I want to integrate the notion of weighting into an evaluation. I am wondering if it is appropriate/correct to calculate precision and recall scores by adding a weighting on true positives, false positive and false negatives. In my case, these have a ranking and/or associated value. For example:
rank value test1 test2 test3
1 99.3 x
correct 2 87.2 x x
3 66.9 x x
-
incorrect 4 33.1 x
5 12.8 x x
Values from ranks 1 to 3 are correct, while those in ranks 4 and 5 are incorrect.
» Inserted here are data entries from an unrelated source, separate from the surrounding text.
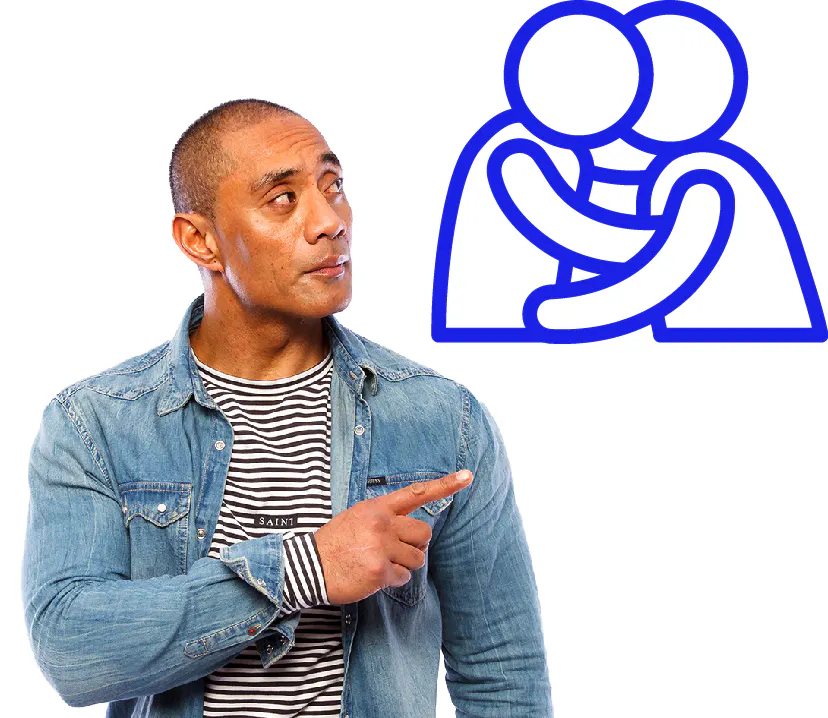 A person pointing at 2 people holding each other and kissing.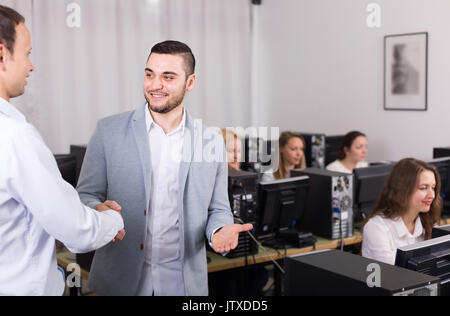 Positive Customer Service Manager zitternden Hand von lächelnden Mitarbeiter im Büro Stockfoto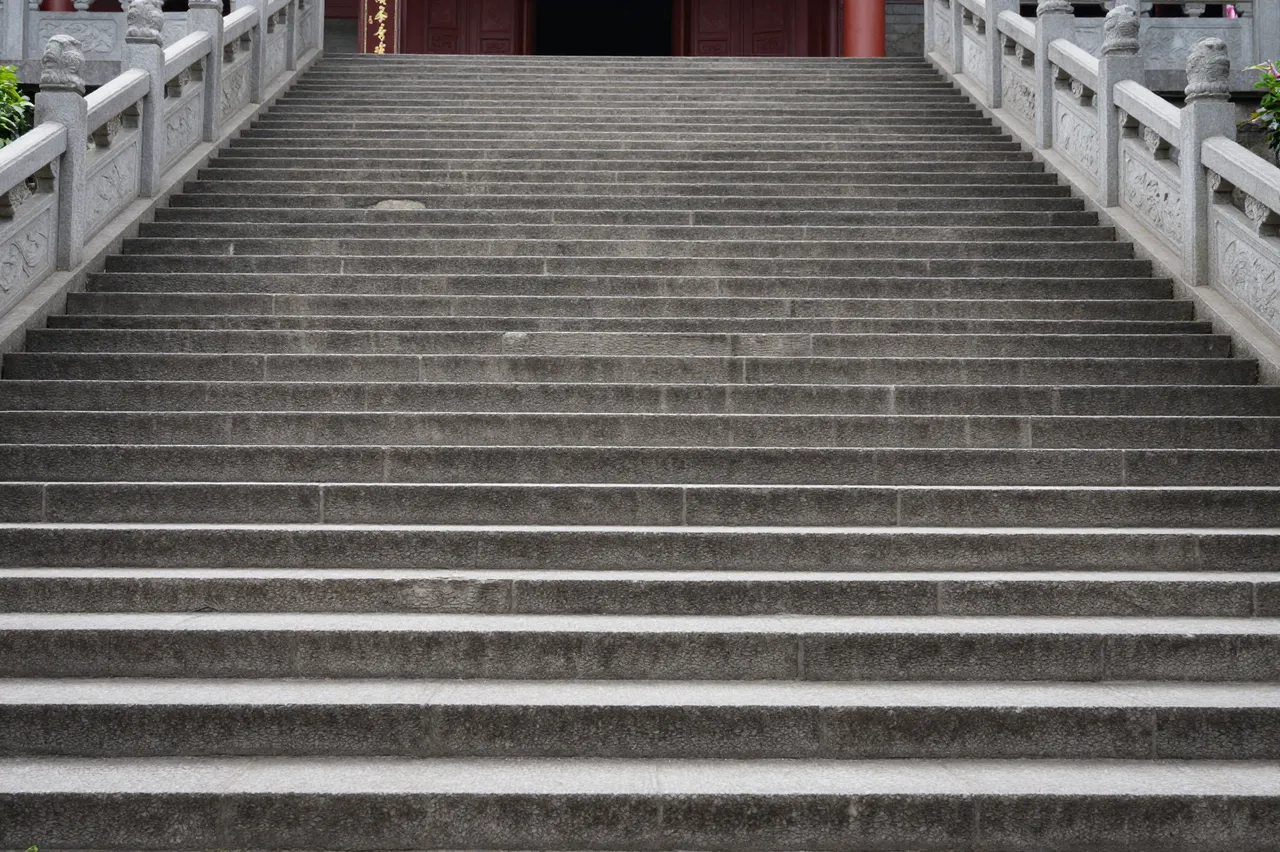 Wide weathered stone steps lead upward to the entrance of a traditional East Asian temple flanked by carved railings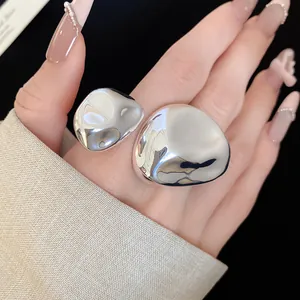 Primo piano di un anello aperto in argento lucido con design irregolare e stropicciato
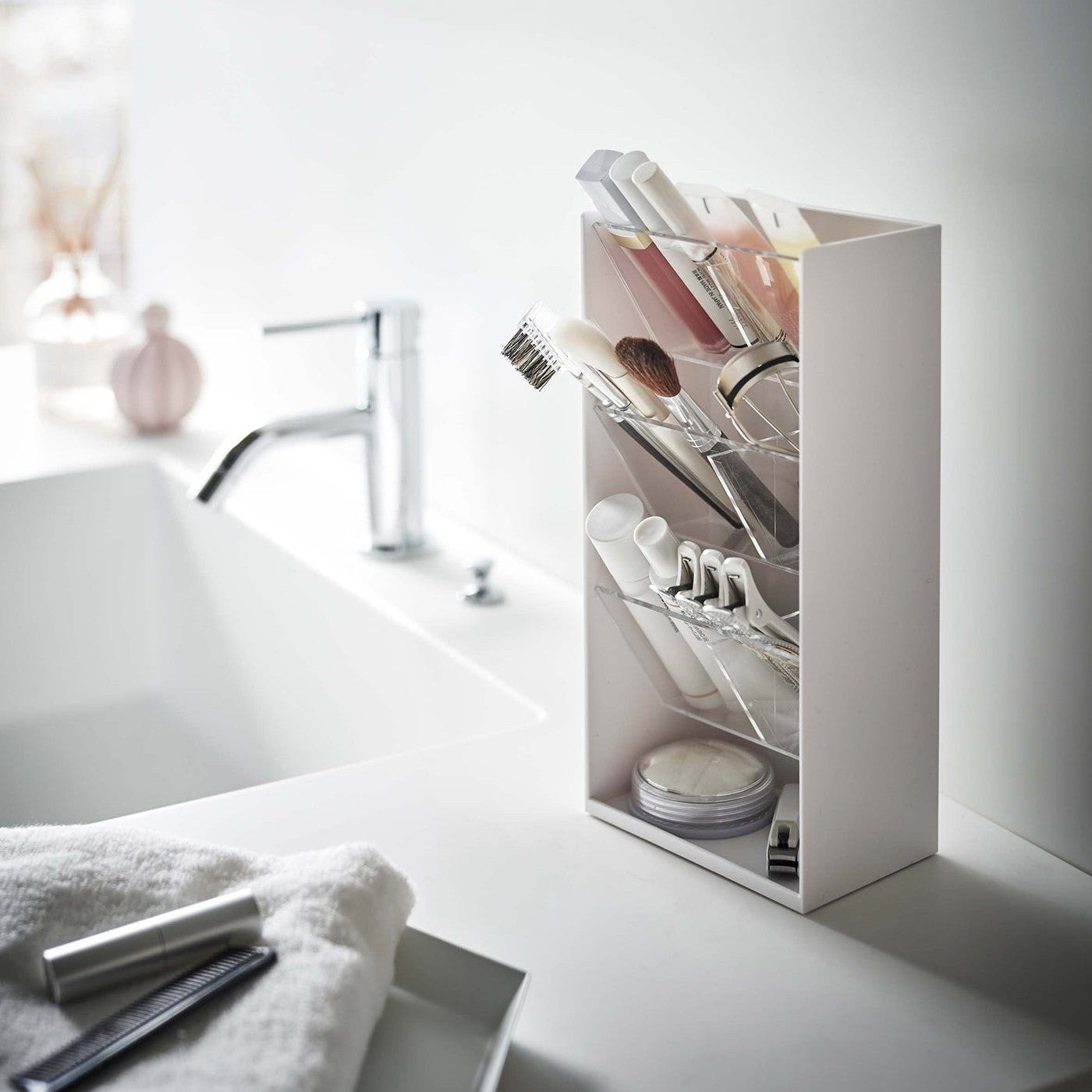 An angled view of a white rectangular resin cosmetics organizer on a white bathroom counter. It has an open face and top and three deep transparent trays that sit diagonally with adjustable transparent dividers placed in the middle of each tray for easy visibility.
My question is - can we calculate TP, FP and FN by summing the ranks of the corresponding items for a given test result? For this toy example this would yield:
test1: TP = 87.2 + 66.9 = 154.1, FP = 12.8, FN = 99.3
precision = 154.1 / (154.1 + 12.8) = 0.92
recall = 154.1 / (154.1 + 99.3) = 0.61
f-score = 2 (0.92 * 0.61) / (0.92 + 0.61) = 0.73
test2: TP = 99.3 + 87.2 + 66.9 = 253.4, FP = 0, FN = 0
precision = 253.4 / (253.4 + 0) = 1.0
recall = 253.4 / (253.4 + 0) = 1.0
f-score = 2 (1.0 * 1.0) / (1.0 + 1.0) = 1.0
test3: TP = 0, FP = 33.1 + 12.8 = 45.9, FN = 99.3 + 87.2 + 66.9 = 253.4
precision = 0 / (0 + 45.9) = 0
recall = 0 / (0 + 253.4) = 0
f-score = 2 (0 * 0) / (0 + 0) = 0
Which all seems fine, but is it mathematically sound? Are there cases where this would fall apart or provide unreliable results?